Кроме того, черновики и наброски многих писем сохранились в ее тетрадях – в ее архиве.
Переписка Марины Цветаевой с Борисом Пастернаком длилась с 1922 по 1935–36 годы, достигнув апогея в двадцатые годы, потом постепенно сходя на нет. Из разновременно предполагавшихся встреч не состоялась ни одна; встретились – негаданно и неудачно – в июне 1935-го, когда Борис Леонидович приехал в Париж на Международный конгресс защиты культуры от фашизма; приехал он уже после открытия конгресса, больной, в глубокой депрессии, вызванной событиями и переменами в личной жизни, по самую маковку погруженный в эти события, среди которых, как почуялось Марине, места для нее не оставалось. Его отчужденность и околдованность не ею потрясли и глубочайше ранили ее, тем более, что ее заочность с Пастернаком была единственным ее оплотом и убежищем от реальных неудач и обид последних лет эмиграции.
Веймар.
С тревожной верой, с тревожным восторгом Марина принимает предложение Пастернака, романтическое и несбыточное, встретиться в Веймаре, под сенью обожаемого обоими Гете, – в мае 1925 года.
В дальнейшем, по возвращении Марины в СССР, она видалась с Борисом Леонидовичем достаточно часто, он много и усердно помогал ей и поддерживал ее, но с заоблачностью их дружбы было покончено: однажды сойдя с такой высоты, вторично подняться на нее невозможно, как невозможно дважды войти в одну и ту же реку.
Влияние на творчество Цветаевой ее переписки с Пастернаком было столь же значительным, сколь своеобычным, ибо влияние это выражалось не в степени присвоения, поглощения одной личностью – другой, не в той или иной мере «ассимиляции», нет, выявлялось оно в определившейся нацеленности Марининой творческой самоотдачи – самоотдачи, обретшей конкретного адресата.
Не говоря о двух прозаических вещах – «Световой ливень» и «Эпос и лирика современной России», из которых вторая относится в равной степени и к Маяковскому, – стихотворений, посвященных Мариной Пастернаку или непосредственно им вдохновленных, не так уж много; не меньше, пожалуй, посвятила она их Ахматовой, или Блоку, или Иксу, или Игреку, посвятила, не надеясь на то, что голос ее достигнет их слуха.
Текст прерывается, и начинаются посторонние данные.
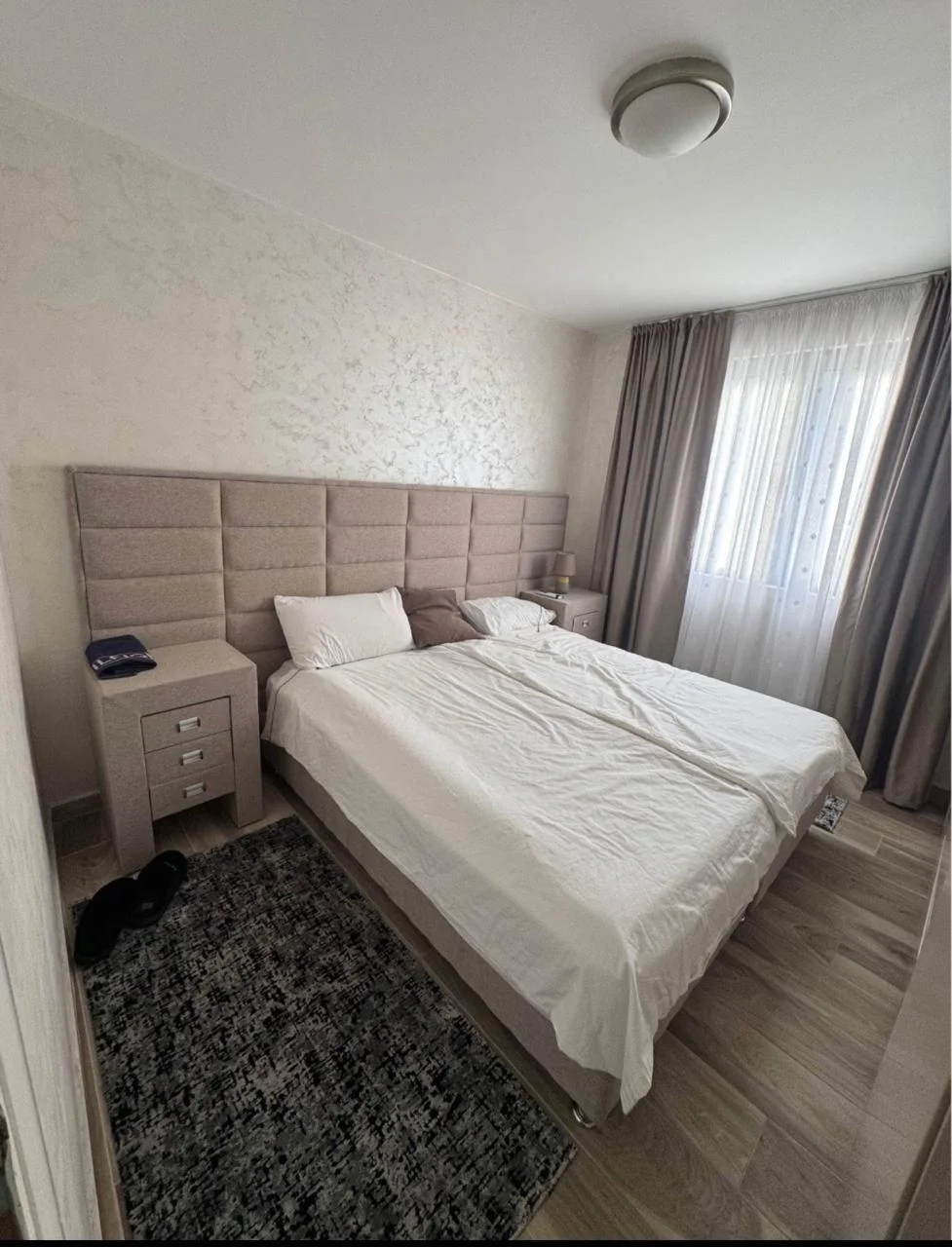 Квартира 2+1 в комплексе с бассейном в районе Пржно, Будва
Но зато все, что было создано ею в двадцатые годы и в начале тридцатых, в пору ее творческой зрелости и щедрости, кем бы и чем бы ни вдохновлялось это созданное, – все это, от сердца к сердцу, было направлено, нацелено на Пастернака, фокусировано на него, обращено к нему, как молитва.
В нем она обрела ту слуховую прорву, которая единственно вмещала ее с той же ненасытимостью, с какой она творила, жила, чувствовала.
Пастернак любил ее, понимал, никогда не судил, хвалил – и возведенная циклопической кладкой стена его хвалы ограждала ее от несовместимости с окружающим, от неуместности в окружающем… Марине же похвала была необходима, иначе она зачахла бы от авитаминоза недолюбленности, недопонятости или взорвалась бы от своей несоразмерности аршину, на который мерила ее читающая и критикующая эмиграция, (Не о нескольких близких и верных речь, разумеется.)